# Honda cone vs Honda



## speedy2019 (Jan 29, 2019)

This honda looks very tasty but its over a £1000. https://www.energygeneratorsales.co...45kw45kva-specialist-heavy-duty-framed-petrol

I cant believe I Im even looking as I got my first generator about 6months ago to use in powercuts and I haven't even used it yet in a powercut.. Its a honda clone(I think), 8hp 2800watt, keystart with AVR output... Paid £250 for it.

Yeah so after having this generator, I am getting the taste for a genuine honda generator, even though I havent really used this one that I have... Im guessing I would notice the difference with a proper honda generator?.... But if i did spend stupid money on a generator, Id think I would get 1 with those kind of specs from the link as the enhanced AVR looks intresting. But I would have to get one with a keystart, as I cant pull a ropestart quick enough..


----------



## speedy2019 (Jan 29, 2019)

This is the generator I have at the moment and Im thinking its a honda clone but I could be wrong? The manual says "take it to honda for repair/servicing" though.,, https://unionmart.co.uk/product/bohmer-ag-6500w-e-petrol-generator/


----------



## exmar (Jun 29, 2015)

I think you have to answer that question by answering a couple of other's first. 1. How often and duration of "power cuts?" 2. Depending on the answer to 1., what is your motivation to have a genset? Power a well pump, furnace, frig and perhaps separate freezer? etc.

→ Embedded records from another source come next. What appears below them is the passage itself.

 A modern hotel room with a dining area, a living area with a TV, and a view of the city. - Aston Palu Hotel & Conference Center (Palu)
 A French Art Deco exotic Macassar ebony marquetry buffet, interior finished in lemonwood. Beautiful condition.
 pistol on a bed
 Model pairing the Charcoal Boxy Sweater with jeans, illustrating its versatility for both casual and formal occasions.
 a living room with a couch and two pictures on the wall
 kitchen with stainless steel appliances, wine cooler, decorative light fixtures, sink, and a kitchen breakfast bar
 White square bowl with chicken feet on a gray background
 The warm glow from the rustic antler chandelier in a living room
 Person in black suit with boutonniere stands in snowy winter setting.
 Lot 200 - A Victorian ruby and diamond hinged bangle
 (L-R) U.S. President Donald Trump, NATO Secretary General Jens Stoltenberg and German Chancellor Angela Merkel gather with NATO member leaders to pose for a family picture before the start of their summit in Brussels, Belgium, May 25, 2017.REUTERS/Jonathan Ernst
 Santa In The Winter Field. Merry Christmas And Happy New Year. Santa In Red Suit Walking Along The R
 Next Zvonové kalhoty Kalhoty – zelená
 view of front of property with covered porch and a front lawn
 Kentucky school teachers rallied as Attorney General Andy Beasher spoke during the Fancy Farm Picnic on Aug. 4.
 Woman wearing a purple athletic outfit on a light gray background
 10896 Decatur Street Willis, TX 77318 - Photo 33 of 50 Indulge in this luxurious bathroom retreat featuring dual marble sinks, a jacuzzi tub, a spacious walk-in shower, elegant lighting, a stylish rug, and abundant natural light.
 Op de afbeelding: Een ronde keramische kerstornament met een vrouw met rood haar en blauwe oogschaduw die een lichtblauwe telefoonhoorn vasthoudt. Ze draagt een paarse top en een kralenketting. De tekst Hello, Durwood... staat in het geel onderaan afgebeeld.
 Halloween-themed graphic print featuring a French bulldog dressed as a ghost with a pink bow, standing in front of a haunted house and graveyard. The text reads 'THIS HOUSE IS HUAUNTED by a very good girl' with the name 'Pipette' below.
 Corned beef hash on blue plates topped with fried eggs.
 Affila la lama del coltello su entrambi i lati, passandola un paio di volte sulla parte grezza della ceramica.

Personally, I have a genset primarily due to having a large side by side frig and a upright freezer and an extended "power cut" would cost quite a bit in spoiled meat, etc. Also nice to be able to have tv, computers, etc. I went with a Generac 3750W for about $300 12+ years ago and it's still going strong. Not the $1600 (If Google converted it right) the Honda would cost. The lower priced unit you have may suffice. Only you can answer if you need the increased reliablity, etc. a Honda would provide.

Have you done a test run with your existing unit with vital loads to see how it and everything worked?


----------



## speedy2019 (Jan 29, 2019)

Well we have a few fishtanks with heaters/pumps, 1000watt kettle, microwave, and my computer stuff, ah yeah plus a few lights, that I am hopeing it will run during a powercut.

I have only tested the generator with a 2000watt kettle and my computer stuff, about 300watt and it runs those nicely together. Last winter we had about 3 powercuts that lasted 3-5hrs..

I could do with more wattage Im guessing, but it just makes me wonder if the generator is well made if its Chinese made, because the last thing I want is it blowing up when I use it for real and taking out everything thats connected to it. Just watching this vid last night made me think.............


----------



## speedy2019 (Jan 29, 2019)

Also guys I am going to be pairing off a few extension leads from this generator during a powercut and I believe the voltage drops the longer the cables are. So how low can the voltage drop before things go wrong,,,, The voltage is 230 where I live but it never drops below about 240, my generator start voltage is roughly 225volts.


----------



## jkingrph (Sep 18, 2017)

About 15 years ago when I was thinking of purchasing a generator, I talked to the maintance director at the hospital where I worked. He specifically recommended Honda, saying most building contractors used Honda whenever they needed portable power, as they were more reliable and gave less trouble. I took his advice and have never been sorry for doing so. It all boils down to "you get what you pay for", a clone "might" be as good, look the same but tolerances and material quality may and probably will differ. My thinking is purchasing a clone of anything is basically a crap shoot, you might get something good that can last for years then it might blow up after a few hours and then where do you get parts and service. I know I can take mine into any full service Honda dealer.


----------



## speedy2019 (Jan 29, 2019)

Well amazingly this site does all spare parts for my generator, even a lpg converter kit.. But yeah my generator might last for years and it might not. But I think its down to how you look after it aswel, like if it never get a run every few months, or looked after no generator/engine will last long or perform well.........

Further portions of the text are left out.